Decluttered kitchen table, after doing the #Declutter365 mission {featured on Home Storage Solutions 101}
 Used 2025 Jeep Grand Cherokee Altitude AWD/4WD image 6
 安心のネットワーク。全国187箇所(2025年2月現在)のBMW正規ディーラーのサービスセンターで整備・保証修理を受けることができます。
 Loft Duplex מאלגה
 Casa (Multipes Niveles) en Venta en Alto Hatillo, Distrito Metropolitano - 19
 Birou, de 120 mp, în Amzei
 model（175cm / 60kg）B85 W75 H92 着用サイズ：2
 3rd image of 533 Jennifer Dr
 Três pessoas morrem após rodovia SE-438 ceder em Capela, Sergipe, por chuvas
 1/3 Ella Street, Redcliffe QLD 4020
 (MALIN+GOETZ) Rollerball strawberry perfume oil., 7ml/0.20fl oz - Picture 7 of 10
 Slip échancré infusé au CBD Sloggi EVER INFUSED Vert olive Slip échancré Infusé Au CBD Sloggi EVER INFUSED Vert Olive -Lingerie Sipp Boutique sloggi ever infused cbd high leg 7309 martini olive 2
+ + + +
- **Task to complete**
Once the line containing "Used 2025 Jeep" is found in the listing above, set down that line and every line after it, exactly.

- **Response for this exercise**
 Used 2025 Jeep Grand Cherokee Altitude AWD/4WD image 6
 安心のネットワーク。全国187箇所(2025年2月現在)のBMW正規ディーラーのサービスセンターで整備・保証修理を受けることができます。
 Loft Duplex מאלגה
 Casa (Multipes Niveles) en Venta en Alto Hatillo, Distrito Metropolitano - 19
 Birou, de 120 mp, în Amzei
 model（175cm / 60kg）B85 W75 H92 着用サイズ：2
 3rd image of 533 Jennifer Dr
 Três pessoas morrem após rodovia SE-438 ceder em Capela, Sergipe, por chuvas
 1/3 Ella Street, Redcliffe QLD 4020
 (MALIN+GOETZ) Rollerball strawberry perfume oil., 7ml/0.20fl oz - Picture 7 of 10
 Slip échancré infusé au CBD Sloggi EVER INFUSED Vert olive Slip échancré Infusé Au CBD Sloggi EVER INFUSED Vert Olive -Lingerie Sipp Boutique sloggi ever infused cbd high leg 7309 martini olive 2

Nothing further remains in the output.